──────── DATASET EXCERPTS

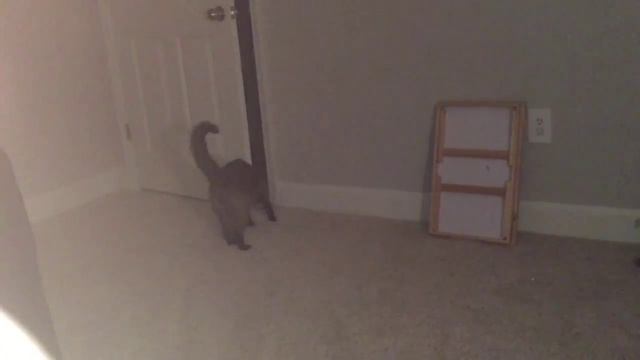 Нужно то, что принадлежит хозяйке =^..^= СИАМСКИЕ КОШКИ смотреть онлайн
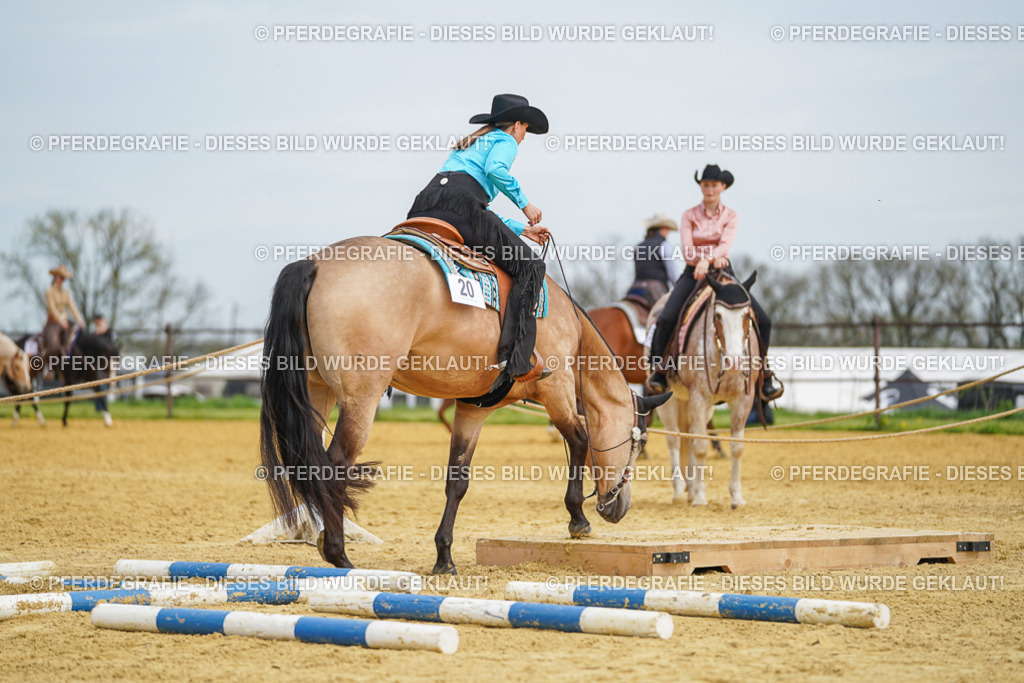 DSC03374 | Pferdegrafie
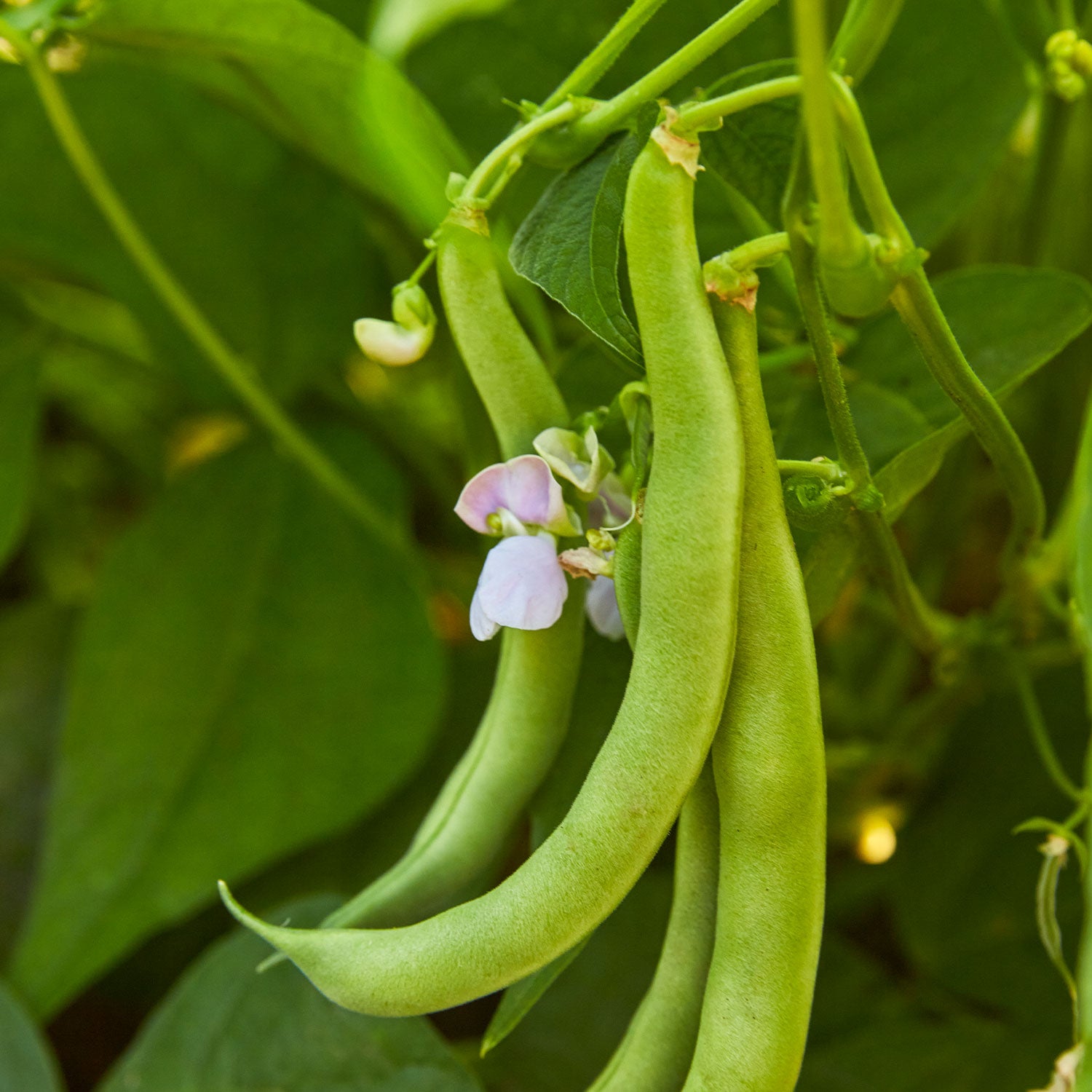 Burpee's Stringless Green Pod Bush Bean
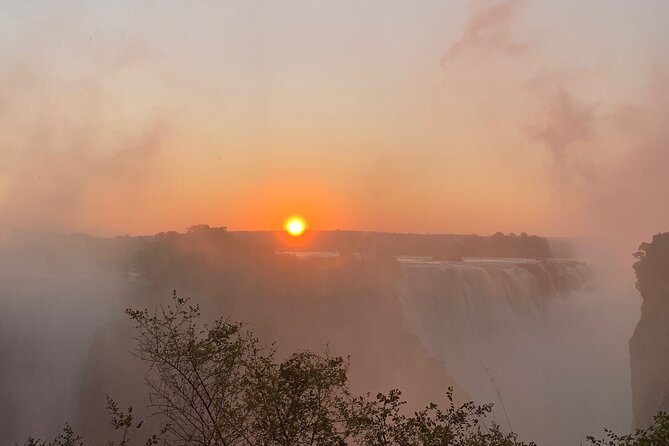 Guided Tour of the Falls Rainforest - Key points at a glance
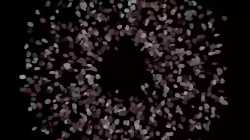 Thread 716516067 OP Image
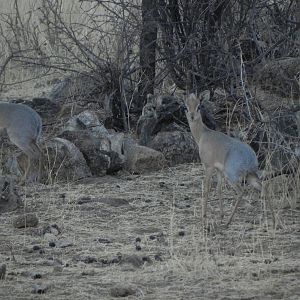 Damara Dik Dik Namibia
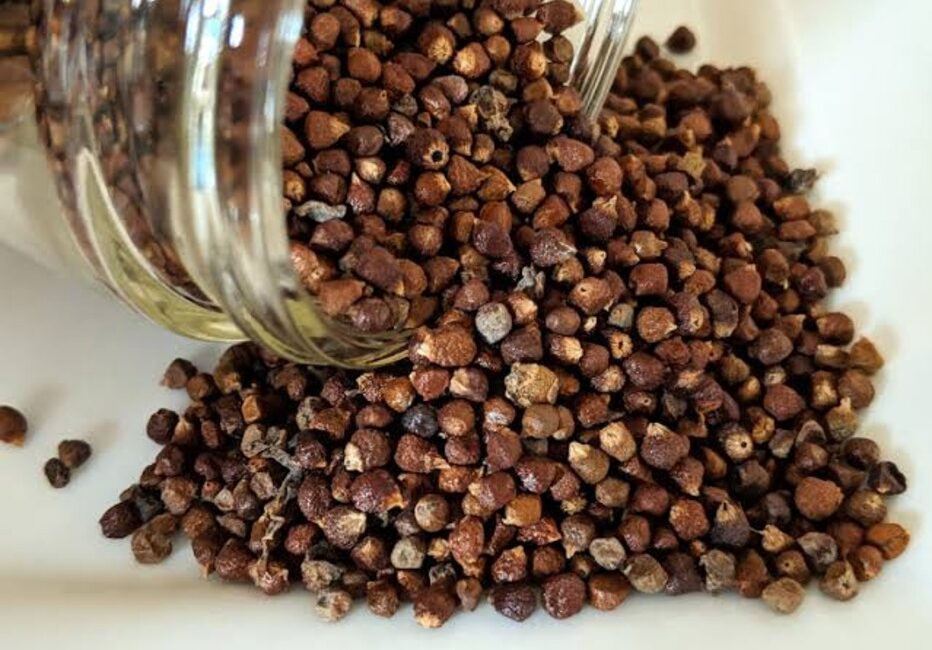 Grains of Paradise poured out of a jug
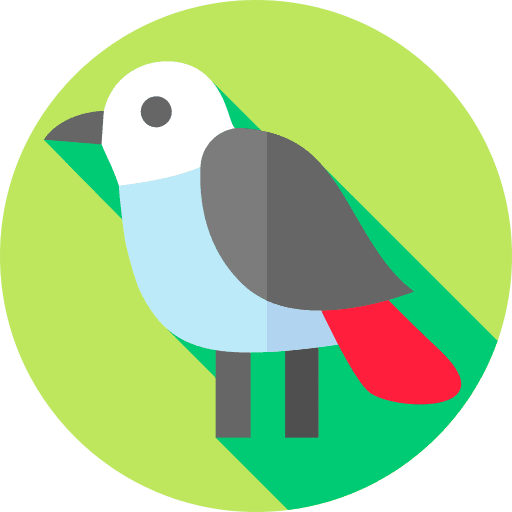 Bird zoo ornithology bird icon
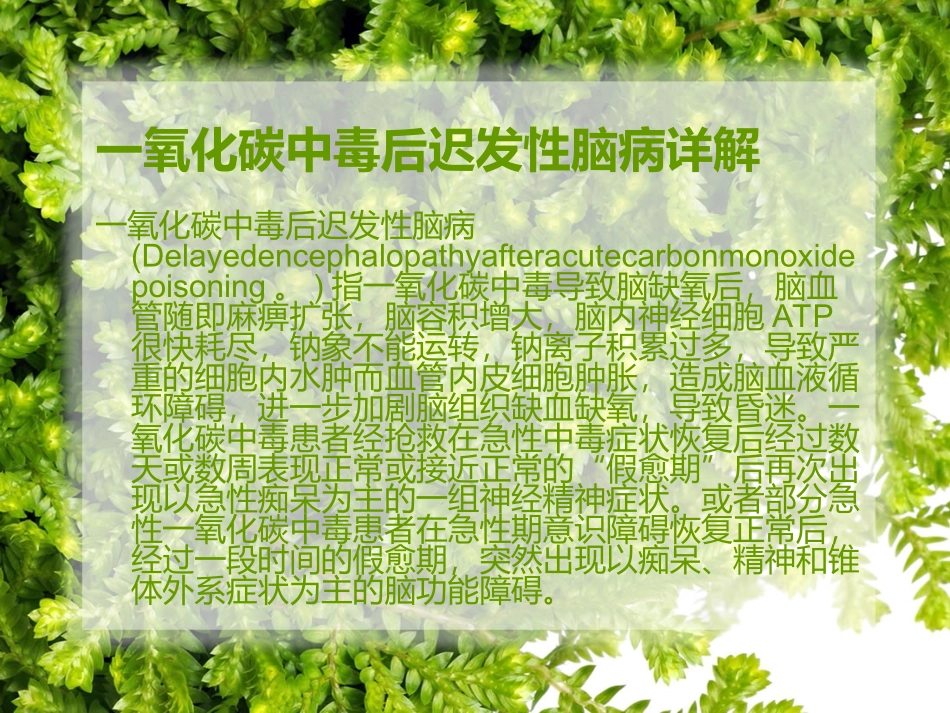 一氧化碳中毒后迟发性脑病详解_第2页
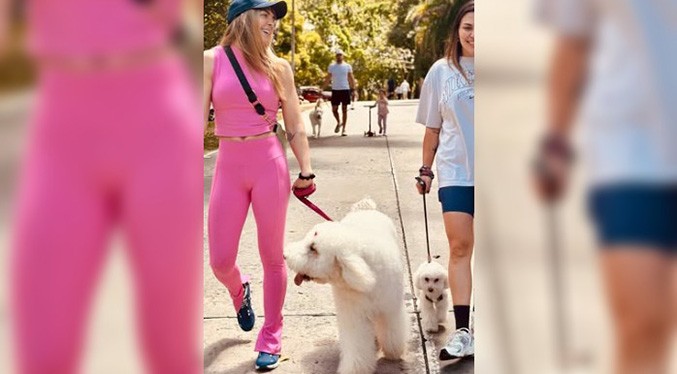 Ordenan investigar asesinato de los perros de influencer 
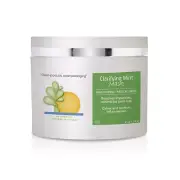Clarifying Mint Mask
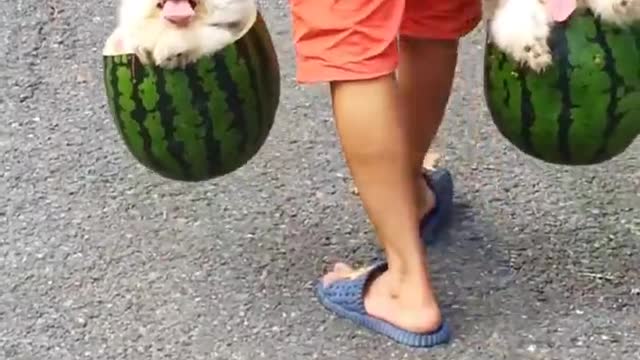 Super Cute and Funny Puppy
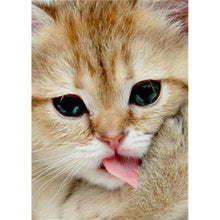 Load image into Gallery viewer, Cat - Full Drill Diamond Painting
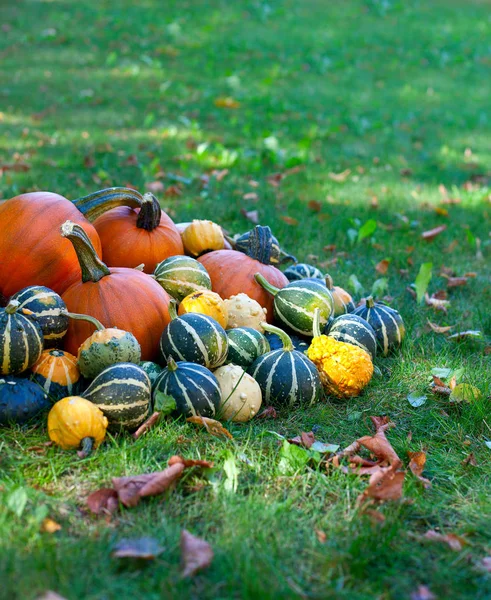 Montón Calabazas Colores Concepto Halloween —  Fotos de Stock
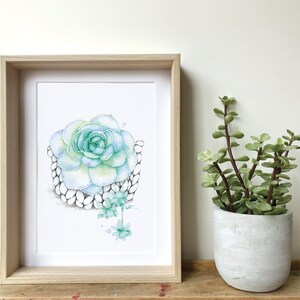 Watercolor illustration succulent plant / Poster Boho macramé plant / Art and Botanical collection / Drawing by Katrinn Pelletier image 2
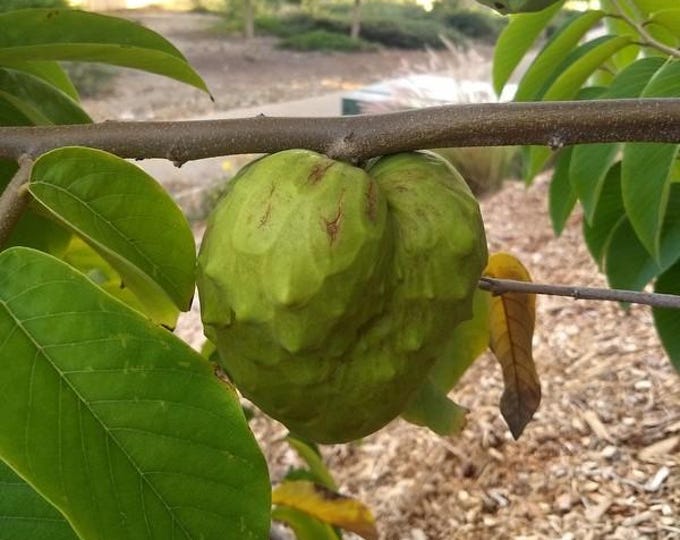 Cherimoya Chaffery - 2 to 3 feet tall - grafted tree - ship in 3 gal pot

────────────────

What is needed here is an exact transcript of the data above, pictures excluded.

 Нужно то, что принадлежит хозяйке =^..^= СИАМСКИЕ КОШКИ смотреть онлайн
 DSC03374 | Pferdegrafie
 Burpee's Stringless Green Pod Bush Bean
 Guided Tour of the Falls Rainforest - Key points at a glance
 Thread 716516067 OP Image
 Damara Dik Dik Namibia
 Grains of Paradise poured out of a jug
 Bird zoo ornithology bird icon
 一氧化碳中毒后迟发性脑病详解_第2页
 Ordenan investigar asesinato de los perros de influencer 
Clarifying Mint Mask
 Super Cute and Funny Puppy
 Load image into Gallery viewer, Cat - Full Drill Diamond Painting
 Montón Calabazas Colores Concepto Halloween —  Fotos de Stock
 Watercolor illustration succulent plant / Poster Boho macramé plant / Art and Botanical collection / Drawing by Katrinn Pelletier image 2
 Cherimoya Chaffery - 2 to 3 feet tall - grafted tree - ship in 3 gal pot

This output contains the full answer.